# Teen Suicide Attempt



## Kiley3706 (Jan 14, 2017)

If a 14 year old girl had slit her wrists, taken pills, and was going to jump off a bridge but cops showed up before she did, what kind of stuff would you do in the ambulance? What would you do if she wouldn't tell you what kind of pills she took? Would you do a full body exam to see if she has any other injuries she hasn't told you about? How would you check her body, just tell her to take her clothes off? If you did and you saw bruises on her body would you believe her if she said they were from sports or would you go tell one of the cops because you suspect someone abuses her?


----------



## DesertMedic66 (Jan 14, 2017)

What on earth kind of scenario is this? I'll bite anyway. 

Attempted suicide calls are calls where we stage away from the scene and will only be cleared in once the scene is secured by law enforcement. 

If she won't tell us what kind of pills she took and there are no pill bottles around then nothing. Hospital will draw lab work. 

If she did jump then yes I would be doing a full body exam and probably cut off her cloths. If she didn't jump then I may not do a full body exam unless I suspect something. 

If I saw bruises I would include it in my ePCR and inform the ED upon my arrival. Law enforcement will be doing a follow up at the hospital with this patient.


----------



## CALEMT (Jan 14, 2017)

DesertMedic66 said:


> What on earth kind of scenario is this?



I was thinking the same thing.


----------



## NomadicMedic (Jan 14, 2017)

This smells weird to me.


----------



## akflightmedic (Jan 14, 2017)

Very weird first post for sure....unsure if we are answering homework questions, feeding a family member info for legal recourse, or giving pointers on how best to kill oneself.


----------



## Kiley3706 (Jan 14, 2017)

Kiley3706 said:


> If a 14 year old girl had slit her wrists, taken pills, and was going to jump off a bridge but cops showed up before she did, what kind of stuff would you do in the ambulance? What would you do if she wouldn't tell you what kind of pills she took? Would you do a full body exam to see if she has any other injuries she hasn't told you about? How would you check her body, just tell her to take her clothes off?

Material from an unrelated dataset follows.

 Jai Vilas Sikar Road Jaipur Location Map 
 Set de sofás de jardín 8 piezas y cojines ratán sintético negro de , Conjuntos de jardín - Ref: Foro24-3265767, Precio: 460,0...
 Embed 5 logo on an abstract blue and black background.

If you did and you saw bruises on her body would you believe her if she said they were from sports or would you go tell one of the cops because you suspect someone abuses her?

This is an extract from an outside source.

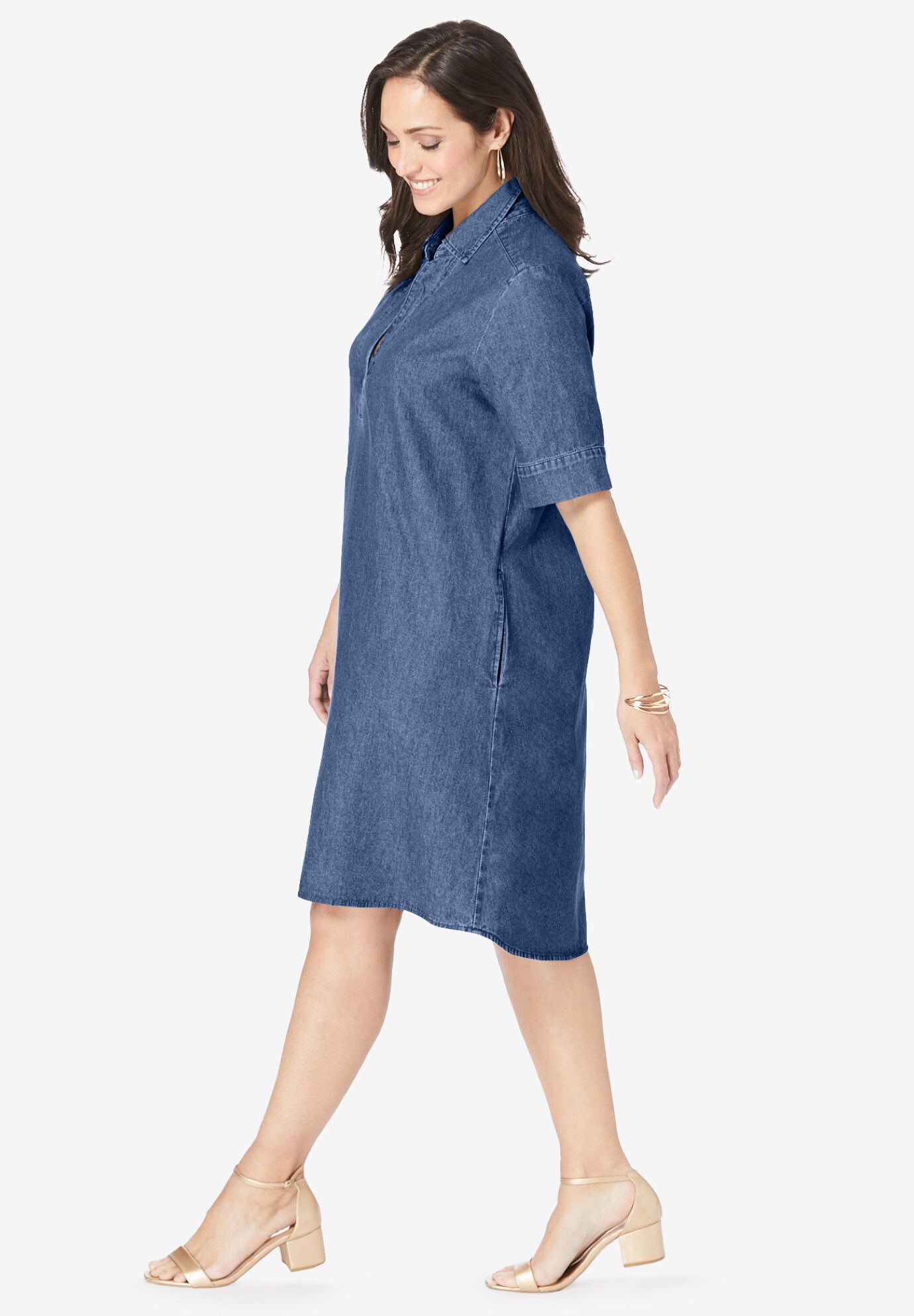Cuff Sleeve Denim Shirtdress, , alternate image number 2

I'm asking these questions because I'm writing a story. I'm not sure what would happen so my story won't be very good if I just guessed what would happen. I'm not suicidal.


----------



## DesertMedic66 (Jan 14, 2017)

Most suicide attempts/successful suicides do not involve 3 different ways of doing it...


----------



## Kiley3706 (Jan 14, 2017)

DesertMedic66 said:


> Most suicide attempts/successful suicides do not involve 3 different ways of doing it...


I wouldn't know, I'm not suicidal. I don't know what goes on in their head. But maybe some people just really don't want to fail so they think if you do more than one way there is less of a chance you fail.


----------



## CALEMT (Jan 14, 2017)

You're writing a story on committing suicide? Must be some book...


----------



## Kiley3706 (Jan 14, 2017)

CALEMT said:


> You're writing a story on committing suicide? Must be some book...

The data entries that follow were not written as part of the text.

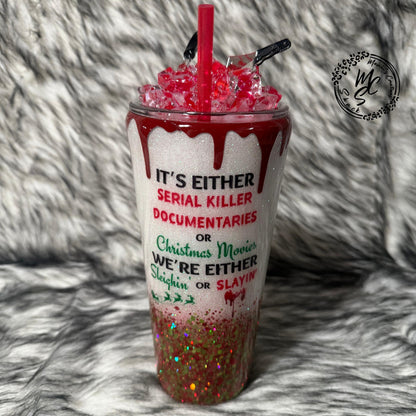 Sleighin' or Slayin' 3D Tumbler with Knife Charms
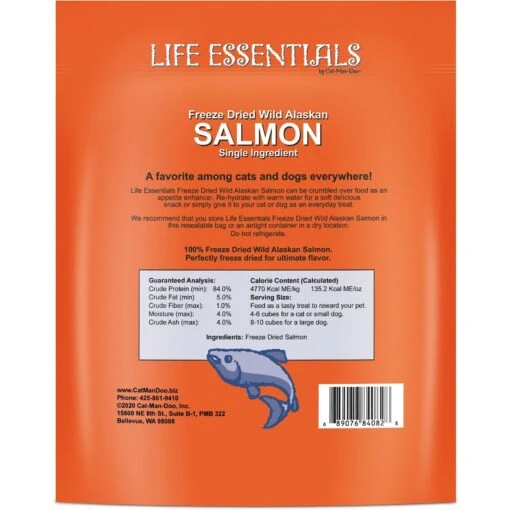 Cat-Man-Doo Life Essentials Wild Alaskan Salmon Freeze-Dried Cat & Dog Treats -Dog Supplies 51884 PT1. AC SS1800 V1630453312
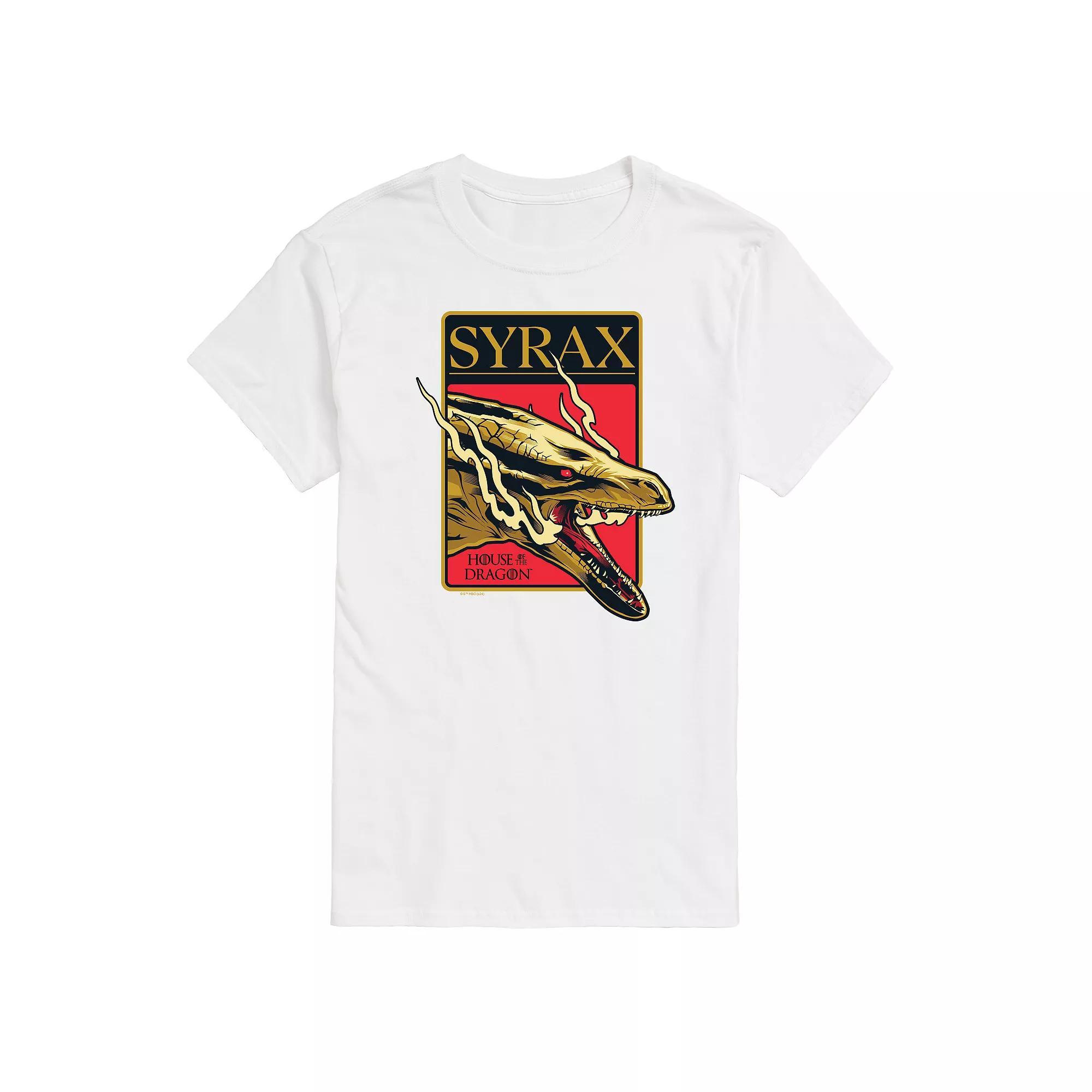 Mens House Of Dragon Syrax Badge Graphic Tee Grey Gray Product Image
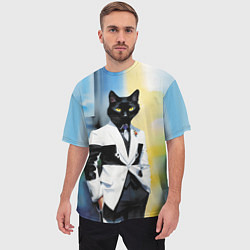 Футболка оверсайз мужская Cat fashionista - neural network - pop art, цвет: 3D-принт — фото 2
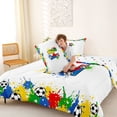 thumbnail image 4 of Erosebridal Splash Soccer Letter H Full Size Comforter Sets, Sport Bedding Sets for Boys and Girls, Polka Dots Reversible 3-Piece, 1 Comforter and 2 Pillowcases, 4 of 6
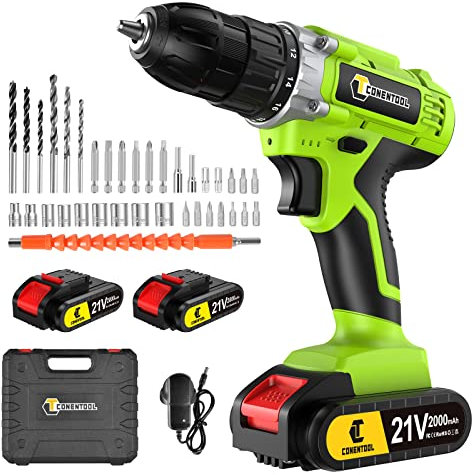 Conentool 21V Cordless Drill with 2 * 2000mAh Batteries, 45N.m Electric Drill, 0-650/0-1850rpm 2 Speed Combi Drills, 25+1 Torque Setting Power Drill, 36pcs Accessories Electric Screwdriver Set, Green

No I'm writing a story about a girl who was about to commit suicide but before she jumped the cops showed up. About her life leading up to her wanting to kill herself. And then after she gets taken to the hospital how she gets better and sees the good in life again. About her finding reasons to live.


----------



## NysEms2117 (Jan 14, 2017)

you know, us ambulance folk have that tendency to change peoples lives around lickedy split


----------



## VentMonkey (Jan 14, 2017)

OP, you're better off joining a writers forum than asking a bunch EMS folk what they would do if...

Everyone approaches patients with their own spin for various reasons, and I doubt that the way the EMS personnel in your "book" assess her would have much bearing on her life-changing moment. That is, or course, unless the tech in the back was a master at "verbal judo" as this is arguably the strongest asset any public service agency provider can possess.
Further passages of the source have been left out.